Occurrence and chemistry:

β- Carotene is found in many animal and plant tissues. However, it originates exclusively from plants or microorganisms. Yellow and dark green vegetables and fruits are rich in β-carotene e.g. carrots, spinach, amaranthus, mango, papaya.

Carotenoids are isoprene derivatives. Chemically, they are tetraterpenoids with eight isoprene residues. There are around 400 naturally occurring carotenoids. The most important carotenoids are β-carotene, α-carotene, δ-carotene, lycopene and zeaxanthin.

Carotenoids are mainly used as colouring agents e.g., β-carotene, lycopene, xanthophyll’s. Several foods (cheese, meat, egg products) can be made attractive by coloration. It may be noted that the demand for β-carotene as the pro-vitamin A is comparatively less.

Biosynthesis:

The pathway for the biosynthesis of β-carotene and some other important carotenoids, elucidated in plants and fungi, is shown in Fig. 27.3.

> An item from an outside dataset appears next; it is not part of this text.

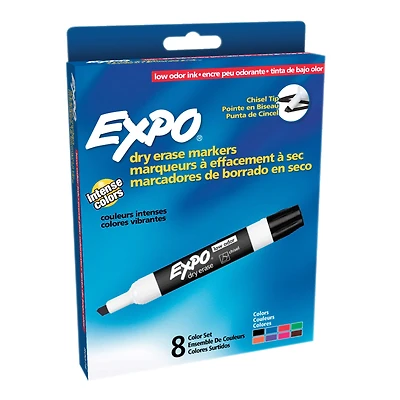 Expo® Low Odor Dry Erase Marker, Chisel Tip, Assorted, 8 Set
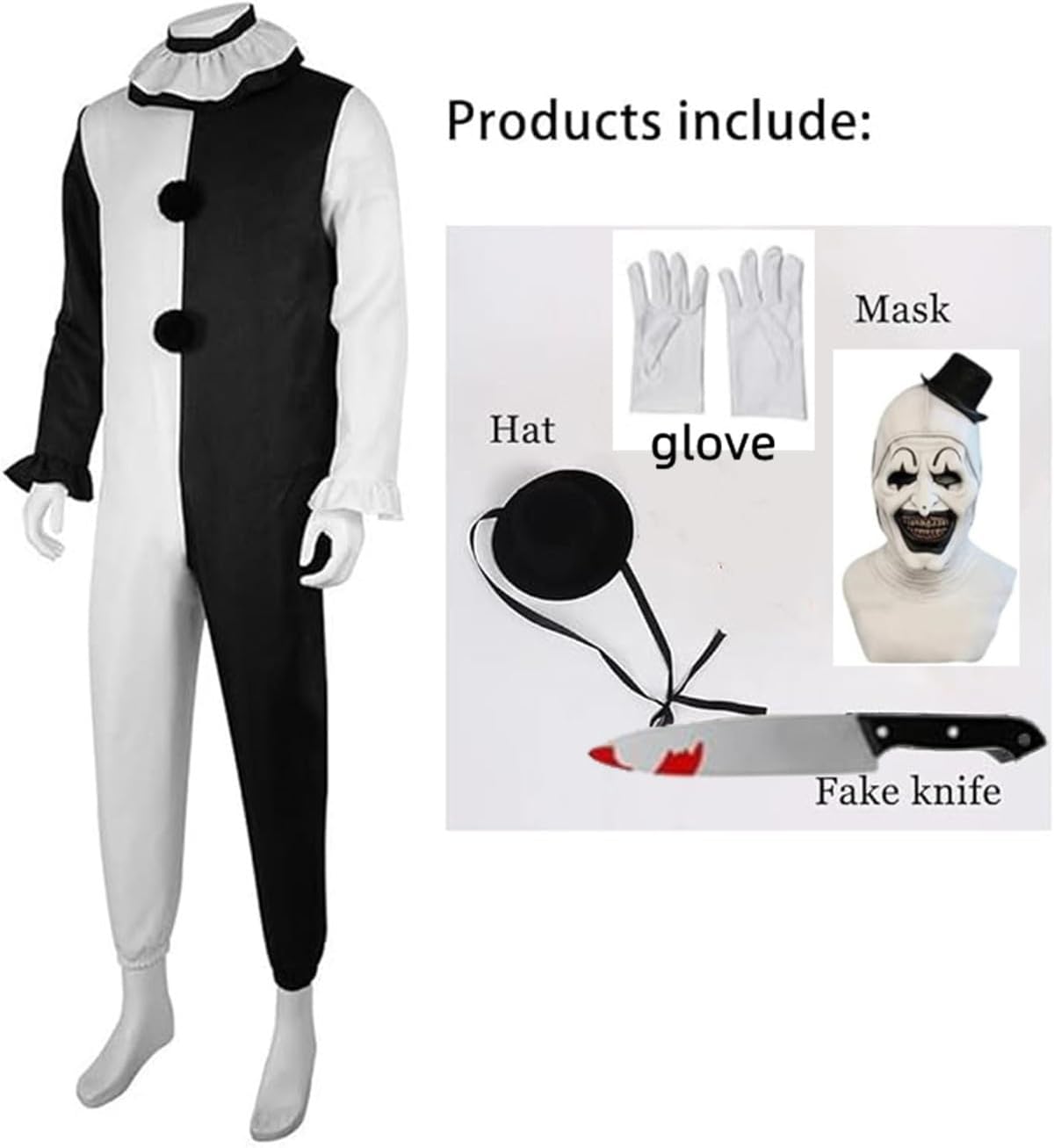 Moalioi Clown Costume Cosplay Halloween Bodysuit The Killer Clown Cosplay Costume Full Set - Image 2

Commercial Production of β-Carotene:

β- Carotene can be produced by microbial fermentation. However, for economic reasons, direct chemical synthesis of vitamin A is preferred rather than using its pro-vitamin (β-carotene).

Microorganisms:

The organisms Blakeslea trispora, Phycomyces blakesleeanus and Choanephora cucurbitarum are most frequently used for the production of β– carotene. Among these, Blakeslea trispora is preferred due to high yield. In the Table 27.3, some important carotenoids, the organisms and the production yields are given.

Production process of β-carotene:

As already stated, the industrial production of β-carotene is mostly carried out by Blakeslea trispora. The fermentation medium contains corn starch, soybean meal, β-ionone, antioxidants etc. Addition of antioxidants improves the stability of β-carotene within the cells. The fermentation is carried out by submerged process.

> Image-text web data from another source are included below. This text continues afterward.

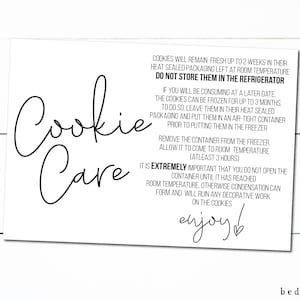 Printable Cookie Care Freezing Instruction Card - 3.5&quot; x 5&quot;-Freezing Cookie Tag - Cookies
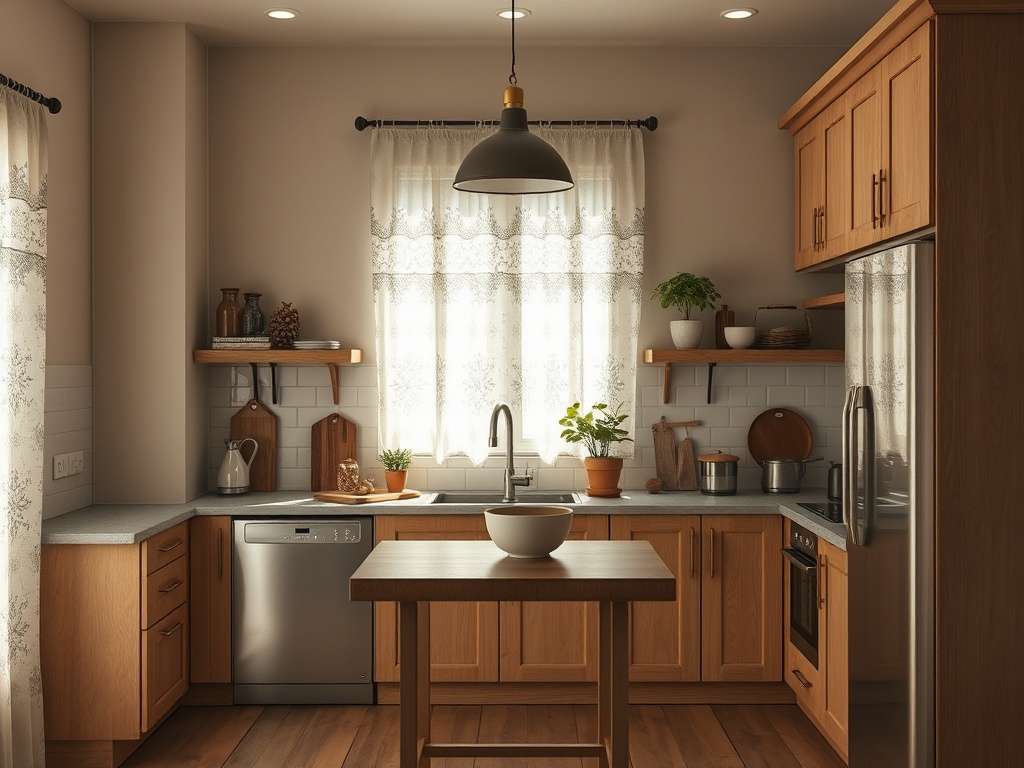 Современная кухня с деревянными шкафами, столом в центре и растениями на окне. Светлый и уютный интерьер.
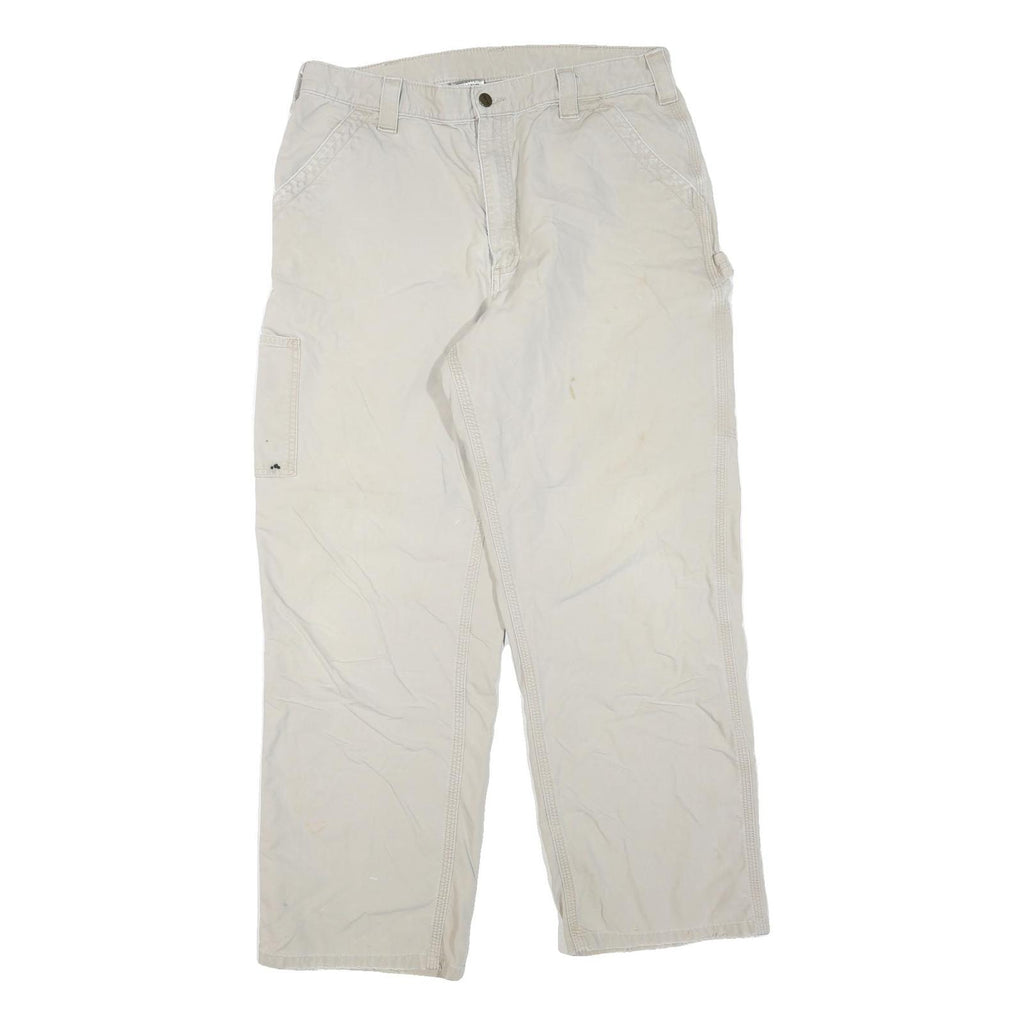 CARHARTT Mens Regular Fit Beige Cotton Blend Workwear Jeans W36 L30 Zip Pockets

The fermentation is usually started by mixing the cultures of both sexual forms, (+) and (-) strains of B. trispora. The yield of β-carotene is significantly higher with mixed cultures, compared to + or – strains (Fig. 27.4).

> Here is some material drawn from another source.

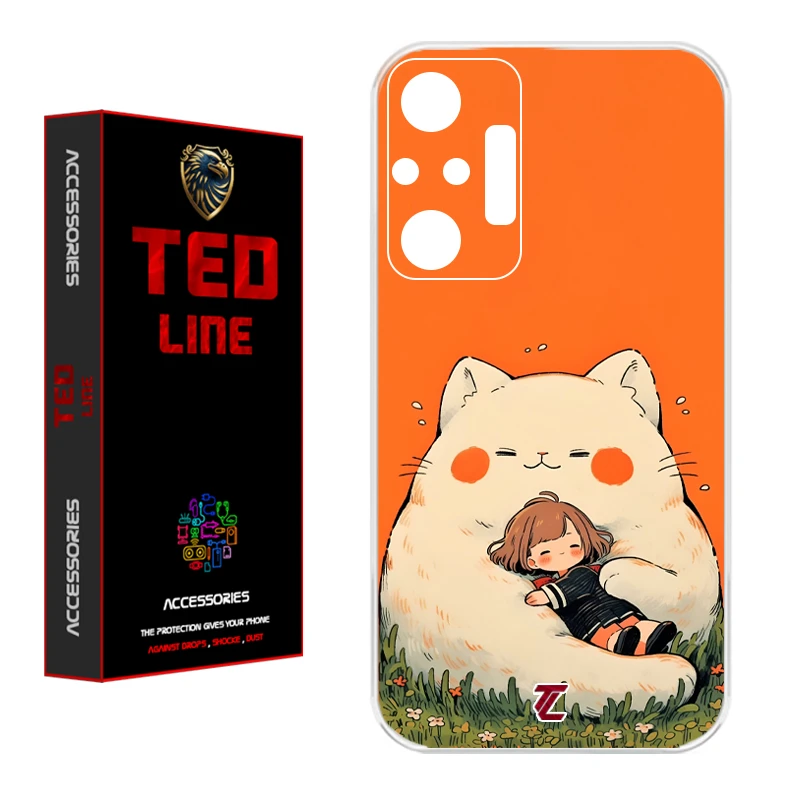 کاور تدلاین طرح گربه نارنجی کد 1138 مناسب برای گوشی موبایل شیائومی Redmi Note 10 Pro / Note 10 Pro Max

This is due to the fact that β- carotene production predominantly occurs during the process of zygospore formation. It may be stated here that the use of mixed strains does not improve the yield for other microorganisms (as observed in case of Blakeslea trispora).

Factors affecting production:

Trisporic acid which can act as a microbial sexual hormone improves production yield of β-carotene. β-lonones enhance p-carotene synthesis by increasing the activity of enzymes, and not by their direct incorporation into β-carotene. When the fermentation medium is supplemented with purified kerosene, β-carotene production is almost doubled. Kerosene increases the solubility of hydrophobic substrates.

Recovery:

The mycelium rich in β-carotene can be directly used as a feed additive. For purification, mycelium is removed, subjected to dehydration (by methanol) and extracted in methylene chloride. This product is of 70-85% purity which can be further purified as per the requirements.

Gibberellins — Plant Growth Stimulants:

Gibberellins are plant hormones that stimulate plant growth. They promote growth by cell enlargement and cell division. The observable effects of gibberellins include stimulus to seed germination, flowering and lengthening of stems.

Microbial Production of Gibberellins:

So far only one microorganism, the fungus namely Gibberella fujikuroi has been found to produce gibberellins. This is actually a pathogenic fungus of rice seedlings. Gibberellin production can be carried out by using a glucose-salt medium at pH 7.5 and temperature 25°C for 2-3 days. The fermentation process is conducted in aerated submerged process. After the growth of the fungus is maximum, the production of gibberellins commences.